I’m sure the Rev. Gerard F. Weiss’ letter, “Reach Out To Loners,” published Wednesday, was crafted with only the best of intentions. However, it was rooted in naivete. Adam Lanza, like Jared Loughner (who shot Congresswoman Gabby Giffords), James Holmes (who shot up a theater during the “Dark Knight Rises” premiere in Aurora, Colo.) and Eric Harris and Dylan Klebold (the pair who shot up Columbine High School), was not just a loner. He was feared. Feared so much that no single person merely befriending a troubled soul could rectify.
Adam Lanza’s mother feared her son to the point that she allegedly sought to have him committed to an institution, which, in retrospect, was the correct venue for dealing with this kid’s madness.
Harris, Klebold, Loughner and Lanza were all incapable of living normally in society. What sorts of medication Lanza was prescribed will certainly become known as the facts of this case unfold. One thing is certain: These types of incidents were unheard of until many of the asylums were closed from coast-to-coast, following lawsuits by the American Civil Liberties Union during the 1980s in an effort to “mainstream” emotionally and mentally disturbed people.
While we were so concentrated on restoring these individuals’ “rights to live normally,” apparently nobody thought out the potential fallout in case these people couldn’t cope with life.

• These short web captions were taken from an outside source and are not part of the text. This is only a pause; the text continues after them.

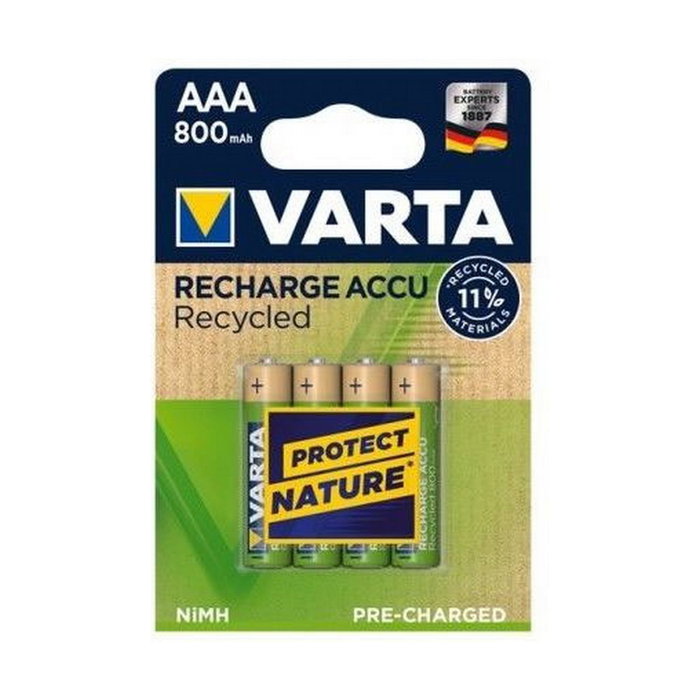 Varta Pila Recargable Accu AAA HR03 800 mAh Recycled (4 unidades)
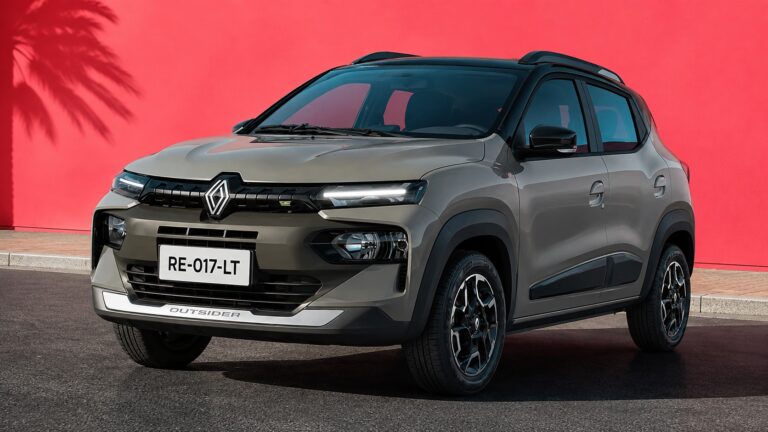 Renault Kwid 2027 visto de frente com novo visual
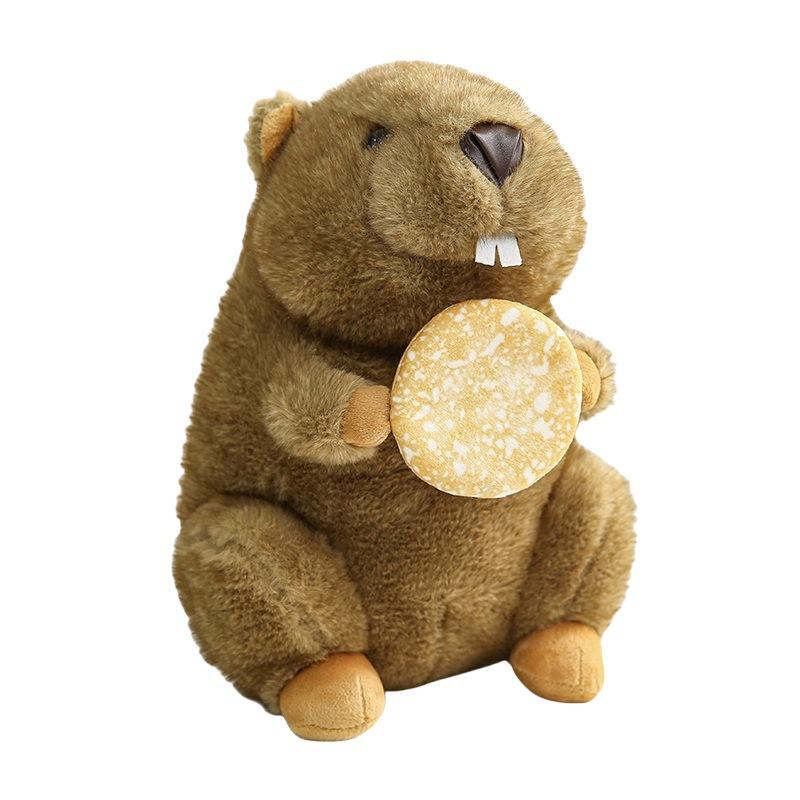 Simulation Groundhog Doll Plush Toy Hamster Groundhog Doll Children's Company Soothing Ragdoll Doll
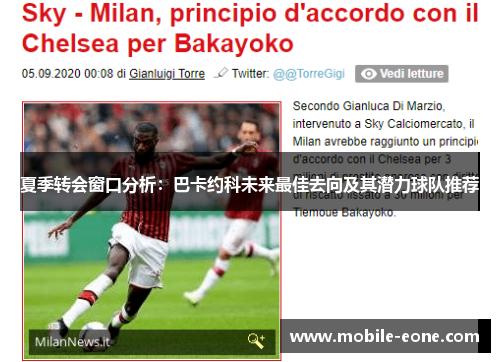 夏季转会窗口分析:巴卡约科未来最佳去向及其潜力球队推荐 夏季转会窗口分析:巴卡约科未来最佳去向及其潜力球队推荐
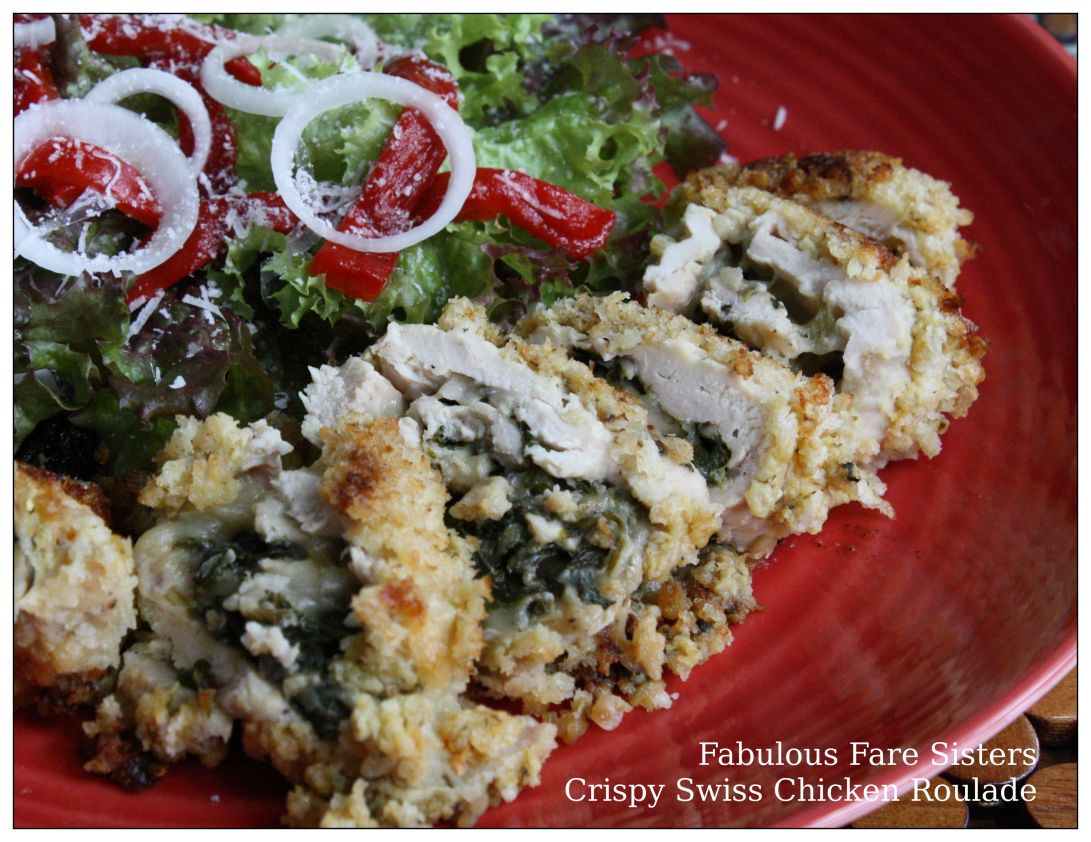Crispy Swiss Chicken Roulade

So now it’s blame the guns – a completely inanimate object, a tool that is not unlike a pipe wrench, a shovel or crowbar (since all can be used to kill another), a tool that is meant to protect its owner from violence and mayhem.

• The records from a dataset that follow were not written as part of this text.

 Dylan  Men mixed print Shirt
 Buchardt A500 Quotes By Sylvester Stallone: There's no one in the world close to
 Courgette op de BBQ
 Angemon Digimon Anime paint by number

The Rev. Weiss feels (as I’m positive the editorial department of this paper does, as well) there are too many guns. Here’s an idea. Let’s remove them from policemen, the Sheriff’s department and all law enforcement, too. But, before we agree to that, let’s find out how that worked out in England.
Rev. Weiss, there aren’t too many guns. In Connecticut, Colorado, Arizona and in other locales where this type of carnage has taken place, there were too few guns. The only way for a good person to stop a bad person with a gun is to possess a firearm as well. That is indisputable. There simply is no other way, no matter whether a small, but vocal few are offended by this fact or not.